Crawled caption data

Start of Block

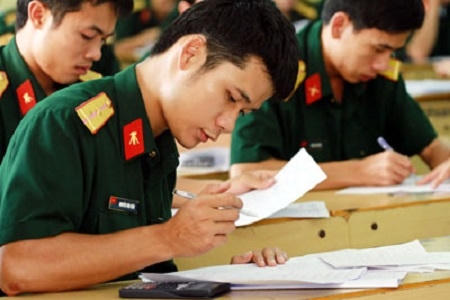Khi sử dụng kết quả kỳ thi chung để xét tuyển vào khối trường ĐH,CĐ quân đội, thí sinh phải qua vòng sơ tuyển bắt buộc theo yêu cầu các trường học. Ảnh internet.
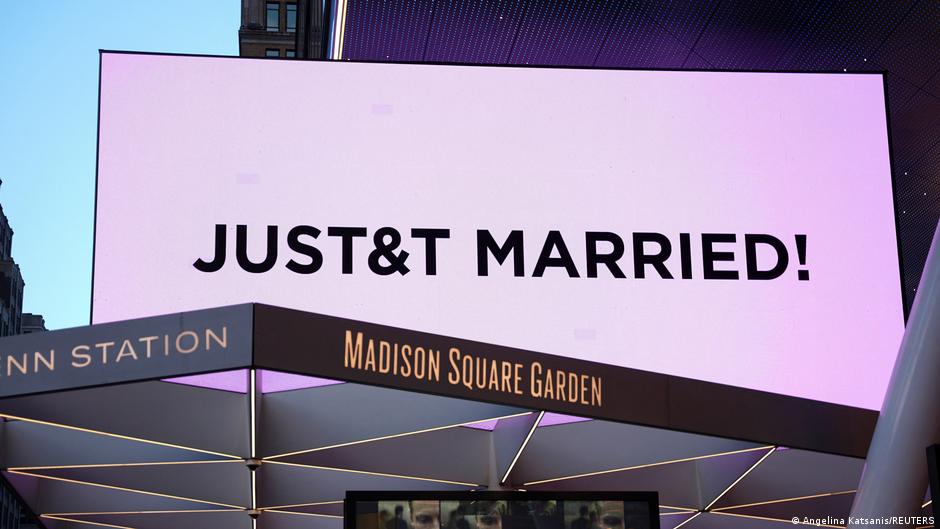 Taylor Swift and Travis Kelce Marry in Star-Studded Madison Square Garden Ceremony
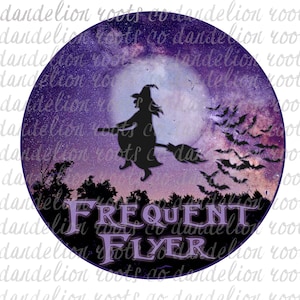 以下が含まれることがあります： 満月とコウモリの前でほうきに乗って飛んでいる魔女のシルエットが描かれた、紫と黒のハロウィンをテーマにした円。円の真ん中下には「Frequent Flyer」という文字が書かれている。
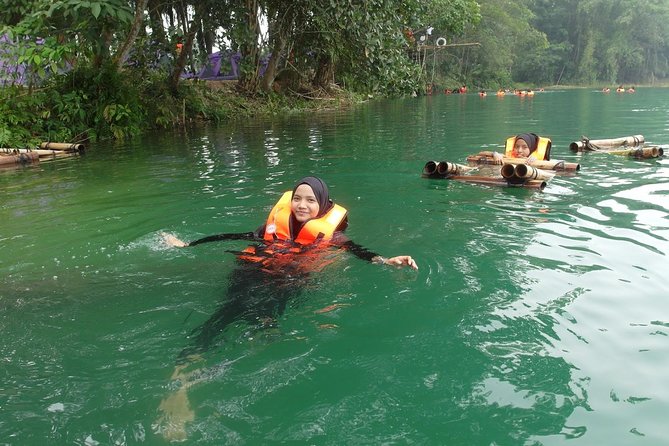 Gendui Chalet at Tadom Hill Resort - Diving Platform, Water Swing & Tarzan Swing - Start Time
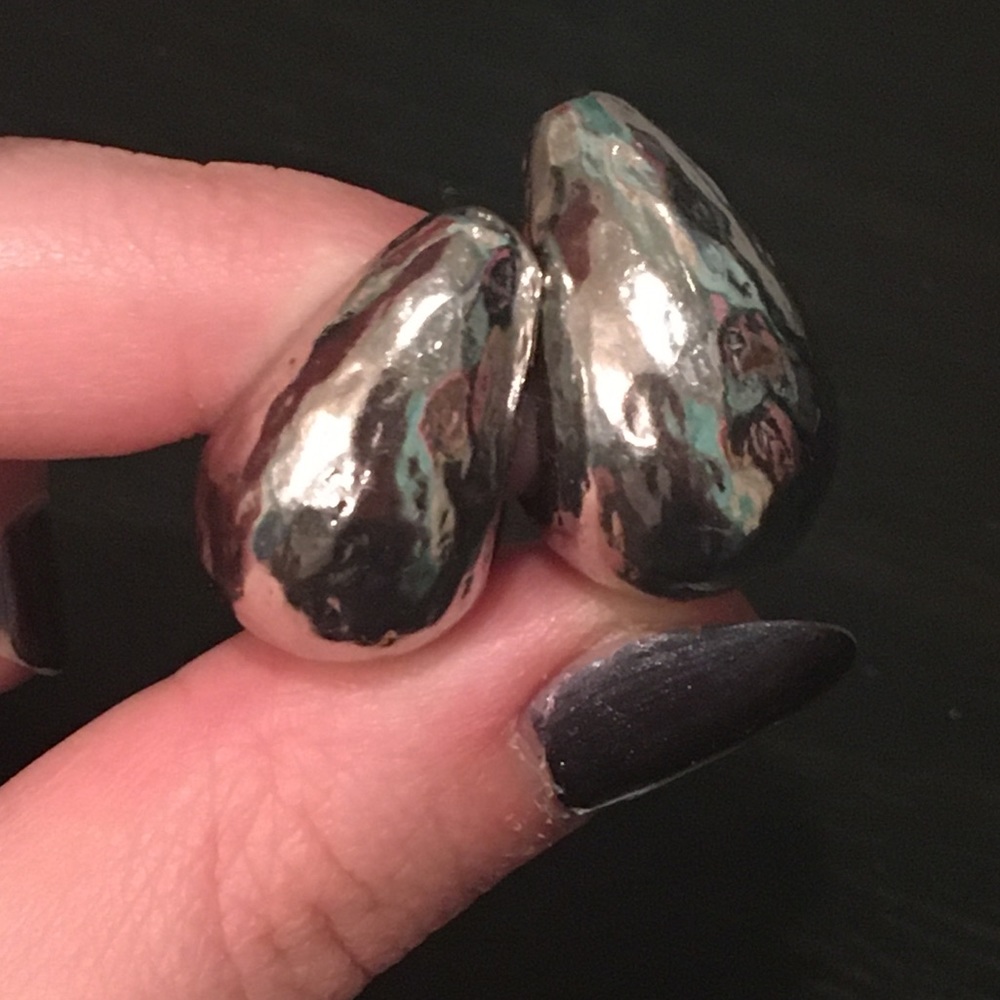 VTG Silver Tone hammered Teardrop J hoop Earrings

End of Block

REQUIRED WORK: Each record above should come back exactly the same, only without its pictures.

TASK OUTPUT:
Khi sử dụng kết quả kỳ thi chung để xét tuyển vào khối trường ĐH,CĐ quân đội, thí sinh phải qua vòng sơ tuyển bắt buộc theo yêu cầu các trường học. Ảnh internet.
 Taylor Swift and Travis Kelce Marry in Star-Studded Madison Square Garden Ceremony
 以下が含まれることがあります： 満月とコウモリの前でほうきに乗って飛んでいる魔女のシルエットが描かれた、紫と黒のハロウィンをテーマにした円。円の真ん中下には「Frequent Flyer」という文字が書かれている。
 Gendui Chalet at Tadom Hill Resort - Diving Platform, Water Swing & Tarzan Swing - Start Time
 VTG Silver Tone hammered Teardrop J hoop Earrings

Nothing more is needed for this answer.